PROBLEM DESCRIPTION: The copy you return should hold only the lines from the top of the data below through the line with "Xe tăng T-14 của Nga. Ảnh: TASS", each duplicated exactly and with no pictures.

PROVIDED INFORMATION:
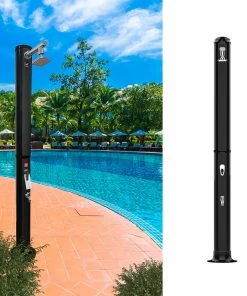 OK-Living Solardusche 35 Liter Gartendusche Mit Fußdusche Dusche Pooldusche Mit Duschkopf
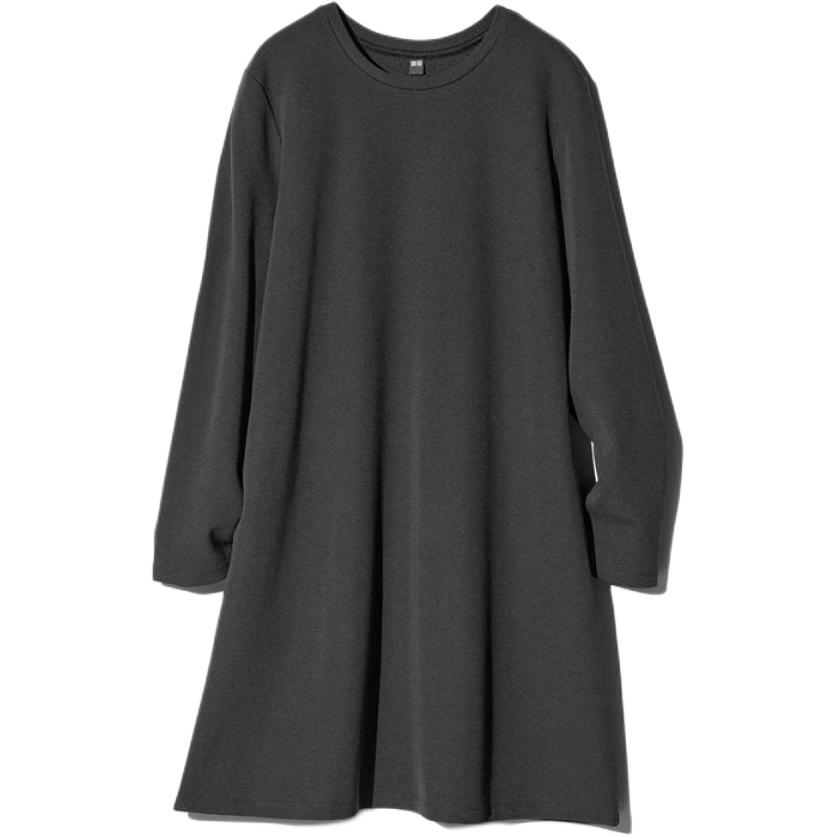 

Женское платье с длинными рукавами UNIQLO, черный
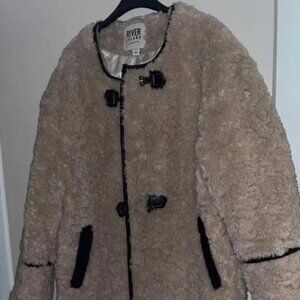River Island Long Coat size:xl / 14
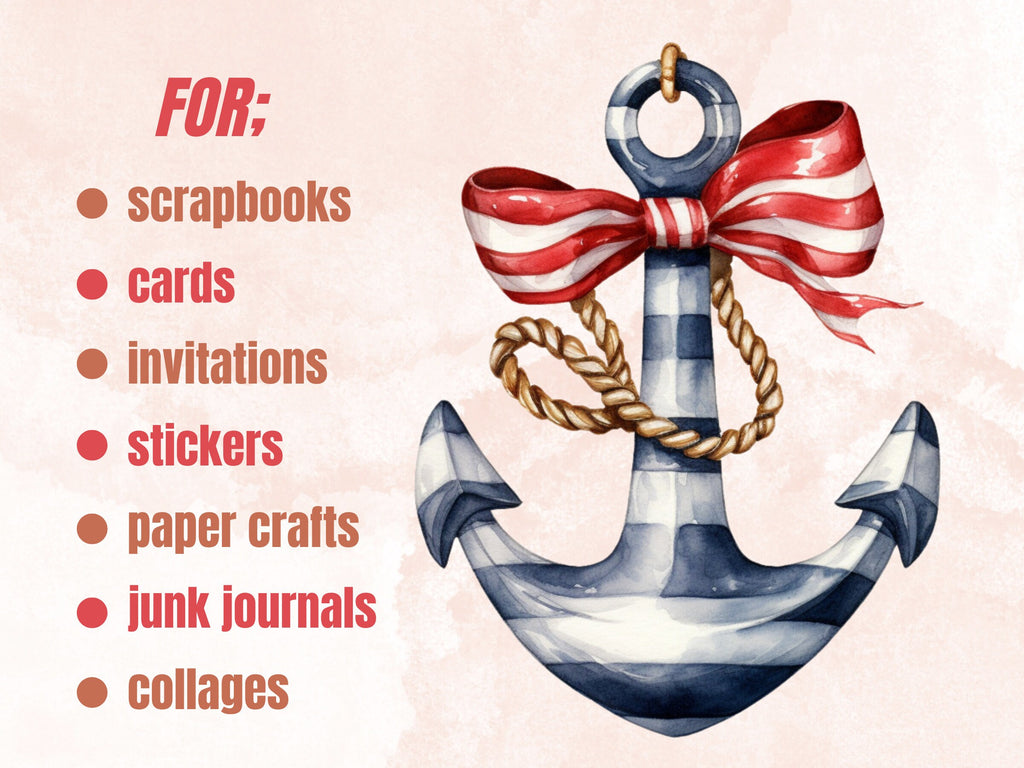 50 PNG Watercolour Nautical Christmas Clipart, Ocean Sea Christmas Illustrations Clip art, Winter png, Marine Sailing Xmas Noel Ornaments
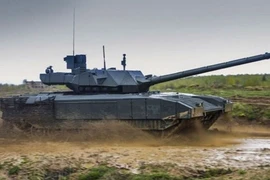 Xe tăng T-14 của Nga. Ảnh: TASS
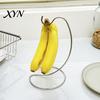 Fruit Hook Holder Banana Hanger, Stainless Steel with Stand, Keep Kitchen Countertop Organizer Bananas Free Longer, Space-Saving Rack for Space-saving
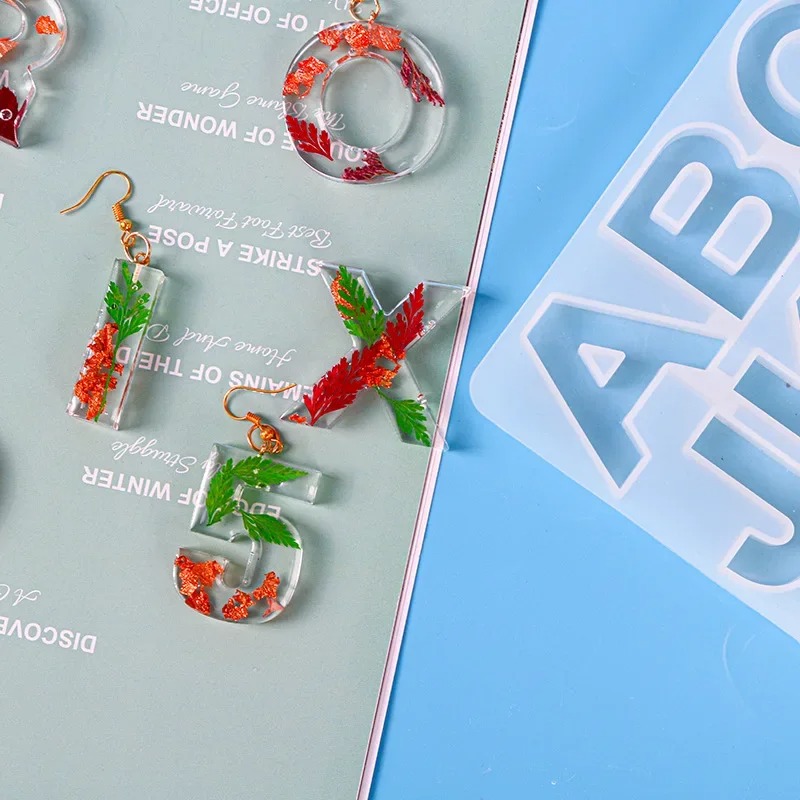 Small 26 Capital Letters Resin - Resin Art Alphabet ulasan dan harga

RESULT OF THIS TASK:
 OK-Living Solardusche 35 Liter Gartendusche Mit Fußdusche Dusche Pooldusche Mit Duschkopf

Женское платье с длинными рукавами UNIQLO, черный
River Island Long Coat size:xl / 14
 50 PNG Watercolour Nautical Christmas Clipart, Ocean Sea Christmas Illustrations Clip art, Winter png, Marine Sailing Xmas Noel Ornaments
 Xe tăng T-14 của Nga. Ảnh: TASS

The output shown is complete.